1.1. Aim of the Boxoffice:

The aim of box office analysis is to understand the factors that contribute to a movie’s financial success at the box office. This involves exploring the relationship between a movie’s budget, release date, genre, runtime, ratings, and other variables, and its box office performance.

2. Methodology:

A public Box office dataset is used in this study which is available in Kaggle and some rows of the dataset are shown below:

Show code
# ensure the results are repeatable
set.seed(7)
# load the data
df <- read.csv('blockbusters.csv')
# head of the data
df %>% arrange(desc(year)) %>% head() %>%
  kbl(caption = "Head of Data sorted by Worldwide Gross in descending order") %>%
  kable_classic(full_width = F, html_font = "Cambria")
(#tab:read the data)Head of Data sorted by Worldwide Gross in descending order
Main_Genre Genre_2 Genre_3 imdb_rating length rank_in_year rating studio title worldwide_gross year
Action Adventure Drama 7.4 135 1 PG-13 Walt Disney Pictures Black Panther $700,059,566 2018
Action Adventure Sci-Fi 8.5 156 2 PG-13 Walt Disney Pictures Avengers: Infinity War $678,815,482 2018
Animation Action Adventure 7.8 118 3 PG Pixar Incredibles 2 $608,581,744 2018
Action Adventure Drama 6.2 129 4 PG-13 Universal Pictures Jurassic World: Fallen Kingdom $416,769,345 2018
Action Comedy 7.8 119 5 R 20th Century Fox Deadpool 2 $318,491,426 2018
Action Adventure Drama 7.9 147 6 PG-13 Paramount Pictures Mission: Impossible - Fallout $220,159,104 2018

3. Results:

3.1. Relationship between worldwide sales and othe features

A correlation matrix is plotted for the numeric values of the dataset to find a pattern between these values.

Show code
df_num <- select(df, c("year", "imdb_rating", "length", "worldwide_sales"))
df_cormatrix <- data.frame(cor(df_num))

ggcorrplot(df_cormatrix, type="lower", hc.order = TRUE, lab = TRUE, insig ="blank")
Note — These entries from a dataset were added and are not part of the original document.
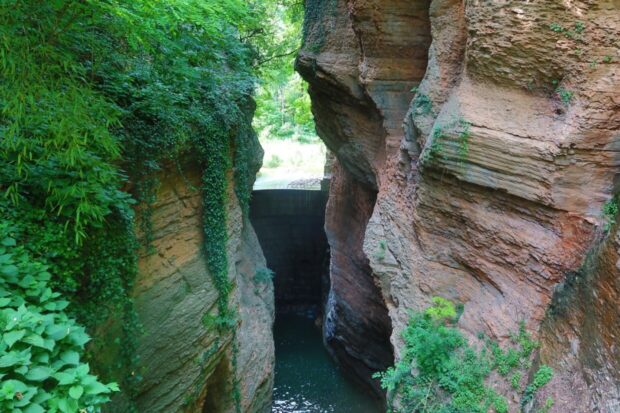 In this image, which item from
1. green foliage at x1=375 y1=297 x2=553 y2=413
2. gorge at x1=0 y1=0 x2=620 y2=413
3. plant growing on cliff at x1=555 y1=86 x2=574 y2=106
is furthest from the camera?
green foliage at x1=375 y1=297 x2=553 y2=413

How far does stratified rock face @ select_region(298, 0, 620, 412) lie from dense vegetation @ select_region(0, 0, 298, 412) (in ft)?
9.37

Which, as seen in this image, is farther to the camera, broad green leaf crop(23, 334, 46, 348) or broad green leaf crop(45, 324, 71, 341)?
broad green leaf crop(45, 324, 71, 341)

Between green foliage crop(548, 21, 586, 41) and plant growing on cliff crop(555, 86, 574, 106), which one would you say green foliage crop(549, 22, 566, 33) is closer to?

3.2. Relationship between the worlwide sales and other features?

3.2.1. Worldwide sales and IMDB rating:

Show code
# load the plotly and RColorBrewer packages
library(plotly)
library(RColorBrewer)

# create a color palette with Set1 colors
n_colors <- length(unique(df$Main_Genre))
colors <- brewer.pal(n_colors, "Set1")

# create a scatter plot with plotly
p <- plot_ly(df, x = ~imdb_rating, y = ~worldwide_sales, color = ~Main_Genre,
             colors = colors, type = 'scatter', mode = 'markers') %>%
  layout(title = 'Scatter plot of worldwide sales and IMDB rating',
         xaxis = list(title = 'IMDB rating'),
         yaxis = list(title = 'Worldwide sales [$]')) %>%
  add_lines(x = ~imdb_rating, y = ~fitted(lm(worldwide_sales ~ imdb_rating, data = df)),
            line = list(dash = 'dash'), color= "blue", name = "regression line") 

# display the plot
p

3.2.2. Worldwide sales and year of release:

Show code
# load the plotly and RColorBrewer packages
library(plotly)
library(RColorBrewer)

# create a color palette with Set1 colors
n_colors <- length(unique(df$Main_Genre))
colors <- brewer.pal(n_colors, "Set1")

# create a scatter plot with plotly
p <- plot_ly(df, x = ~year, y = ~worldwide_sales, color = ~Main_Genre,
             colors = colors, type = 'scatter', mode = 'markers') %>%
  layout(title = 'Scatter plot of worldwide sales and year of the movie release',
         xaxis = list(title = 'year'),
         yaxis = list(title = 'Worldwide sales [$]')) %>%
  add_lines(x = ~year, y = ~fitted(lm(worldwide_sales ~ year, data = df)),
            line = list(dash = 'dash'), color= "blue", name = "regression line") 

# display the plot
p

3.2.3. Worldwide sales and length of the movie:

4. Conclusions:

Show code
# subset the data to show only the top 10 movies with highest worldwide sales
top5 <- df[order(df$worldwide_sales, decreasing = TRUE), ][1:5, ]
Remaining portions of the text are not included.